A CPS transform for a computation of type `X` gives a computation of type
`forall A. (X -> A) -> A`. That is, instead of evaluating to ("returning") a
value of type `X`, you take a function that you deliver a valid of type `X`
to, and return whatever it returns.

CPS-transforming a sum type `X + Y` gives `forall A. (X + Y -> A) -> A`, and
if you distribute over the sum you get `forall A. ((X -> A) * (Y -> A)) -> A`.
The visitor is the pair of functions you pass in, `(X -> A) * (Y -> A)`, and
the value decides which method to call. In either event, it returns whatever
the chosen visitor method returns.

(Dropping into Java syntax, this is the type of the `visit` method: `<A> A
visit(Visitor<A> visitor)` -- and the Visitor is `interface Visitor<A> { A
onX(X x); A onY(Y y); }`.)

------
nickmain
I've used Racket for many prototype languages and tools and love its
facilities and philosophy.
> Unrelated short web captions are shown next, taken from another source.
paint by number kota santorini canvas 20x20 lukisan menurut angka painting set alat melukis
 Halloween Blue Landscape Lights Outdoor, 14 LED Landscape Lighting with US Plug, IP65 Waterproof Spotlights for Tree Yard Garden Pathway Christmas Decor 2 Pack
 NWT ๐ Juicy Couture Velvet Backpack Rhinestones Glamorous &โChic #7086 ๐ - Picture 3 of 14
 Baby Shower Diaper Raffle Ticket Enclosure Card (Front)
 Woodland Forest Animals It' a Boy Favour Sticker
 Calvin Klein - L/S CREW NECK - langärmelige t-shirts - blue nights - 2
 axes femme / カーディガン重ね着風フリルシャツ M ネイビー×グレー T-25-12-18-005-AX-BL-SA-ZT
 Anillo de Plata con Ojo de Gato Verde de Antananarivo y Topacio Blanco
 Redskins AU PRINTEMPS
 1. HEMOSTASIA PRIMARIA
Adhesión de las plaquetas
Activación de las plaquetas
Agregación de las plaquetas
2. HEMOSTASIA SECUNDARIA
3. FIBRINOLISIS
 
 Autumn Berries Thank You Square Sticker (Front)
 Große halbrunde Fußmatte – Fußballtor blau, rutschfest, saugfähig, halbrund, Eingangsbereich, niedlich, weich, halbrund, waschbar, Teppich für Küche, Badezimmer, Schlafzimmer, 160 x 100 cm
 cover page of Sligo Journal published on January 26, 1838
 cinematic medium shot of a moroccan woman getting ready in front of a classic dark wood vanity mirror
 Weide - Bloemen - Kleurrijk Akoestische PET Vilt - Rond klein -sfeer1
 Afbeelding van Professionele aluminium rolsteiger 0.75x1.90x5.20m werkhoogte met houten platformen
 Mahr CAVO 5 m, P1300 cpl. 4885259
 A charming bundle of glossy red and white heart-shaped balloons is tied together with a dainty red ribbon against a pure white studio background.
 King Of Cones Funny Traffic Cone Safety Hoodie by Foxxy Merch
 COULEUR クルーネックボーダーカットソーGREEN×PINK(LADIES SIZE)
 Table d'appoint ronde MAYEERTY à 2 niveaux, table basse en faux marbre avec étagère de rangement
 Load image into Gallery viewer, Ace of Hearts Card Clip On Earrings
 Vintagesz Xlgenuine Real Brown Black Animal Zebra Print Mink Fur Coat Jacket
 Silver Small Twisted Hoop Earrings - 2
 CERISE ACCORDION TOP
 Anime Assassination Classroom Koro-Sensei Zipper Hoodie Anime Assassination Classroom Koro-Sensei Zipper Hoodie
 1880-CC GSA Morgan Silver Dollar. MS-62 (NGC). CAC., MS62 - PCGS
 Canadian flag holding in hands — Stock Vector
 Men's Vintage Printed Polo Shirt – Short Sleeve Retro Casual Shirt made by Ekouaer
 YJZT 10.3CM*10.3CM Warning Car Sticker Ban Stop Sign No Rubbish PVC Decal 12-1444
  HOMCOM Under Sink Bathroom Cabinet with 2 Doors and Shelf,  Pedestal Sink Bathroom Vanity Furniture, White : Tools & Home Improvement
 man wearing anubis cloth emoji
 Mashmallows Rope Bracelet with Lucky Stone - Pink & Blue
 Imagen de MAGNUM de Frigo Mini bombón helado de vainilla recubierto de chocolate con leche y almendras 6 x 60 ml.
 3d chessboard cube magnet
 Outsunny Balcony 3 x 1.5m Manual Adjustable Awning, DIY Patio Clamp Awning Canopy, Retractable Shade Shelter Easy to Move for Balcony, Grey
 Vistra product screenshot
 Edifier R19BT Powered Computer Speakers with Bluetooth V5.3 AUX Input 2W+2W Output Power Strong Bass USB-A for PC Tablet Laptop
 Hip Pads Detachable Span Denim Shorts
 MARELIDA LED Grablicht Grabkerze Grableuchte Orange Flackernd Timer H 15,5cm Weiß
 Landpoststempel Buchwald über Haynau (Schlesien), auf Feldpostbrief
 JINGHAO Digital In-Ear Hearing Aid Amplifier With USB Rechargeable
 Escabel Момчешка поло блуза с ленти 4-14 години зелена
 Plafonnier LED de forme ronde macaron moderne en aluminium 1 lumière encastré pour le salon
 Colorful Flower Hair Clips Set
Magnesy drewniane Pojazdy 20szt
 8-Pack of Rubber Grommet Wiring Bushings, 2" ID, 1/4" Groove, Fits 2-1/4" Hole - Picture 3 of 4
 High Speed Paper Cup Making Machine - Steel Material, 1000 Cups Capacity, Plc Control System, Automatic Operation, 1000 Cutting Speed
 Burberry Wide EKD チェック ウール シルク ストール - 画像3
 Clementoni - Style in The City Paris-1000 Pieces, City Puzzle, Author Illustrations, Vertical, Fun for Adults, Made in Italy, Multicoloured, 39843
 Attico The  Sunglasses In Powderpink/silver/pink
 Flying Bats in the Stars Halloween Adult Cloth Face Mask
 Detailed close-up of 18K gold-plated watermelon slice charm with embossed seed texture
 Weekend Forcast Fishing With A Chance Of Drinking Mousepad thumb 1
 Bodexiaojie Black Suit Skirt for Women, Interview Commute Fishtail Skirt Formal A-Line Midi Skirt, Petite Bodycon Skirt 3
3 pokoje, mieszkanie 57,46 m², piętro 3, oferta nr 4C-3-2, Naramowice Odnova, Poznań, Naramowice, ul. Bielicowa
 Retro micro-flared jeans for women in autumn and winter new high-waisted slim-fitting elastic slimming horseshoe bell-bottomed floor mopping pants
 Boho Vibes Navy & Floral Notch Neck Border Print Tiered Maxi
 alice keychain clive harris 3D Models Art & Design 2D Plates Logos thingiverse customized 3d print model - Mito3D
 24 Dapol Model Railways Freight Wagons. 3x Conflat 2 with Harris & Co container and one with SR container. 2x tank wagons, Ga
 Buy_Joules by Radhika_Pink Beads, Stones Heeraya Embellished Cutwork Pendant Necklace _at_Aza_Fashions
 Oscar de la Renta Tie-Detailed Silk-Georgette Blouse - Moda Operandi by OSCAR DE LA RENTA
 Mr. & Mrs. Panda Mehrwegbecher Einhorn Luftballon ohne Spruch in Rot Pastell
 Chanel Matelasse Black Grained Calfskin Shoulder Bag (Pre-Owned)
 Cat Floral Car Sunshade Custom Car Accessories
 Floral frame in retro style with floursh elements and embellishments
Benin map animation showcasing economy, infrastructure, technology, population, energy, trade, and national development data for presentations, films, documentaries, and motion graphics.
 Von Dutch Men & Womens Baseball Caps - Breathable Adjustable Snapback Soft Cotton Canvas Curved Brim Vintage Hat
The thing that always gives me pause when
considering it for a new project is that it has no robust mobile or client-
side web story.

If the tool lives on beyond prototype then I have to rewrite it in a native
language or restrict it to the subset of Scheme that can run in Gambit on iOS.

I really hope that Racket can evolve and adapt to a world where more computing
and even development is going to happen on mobile and web.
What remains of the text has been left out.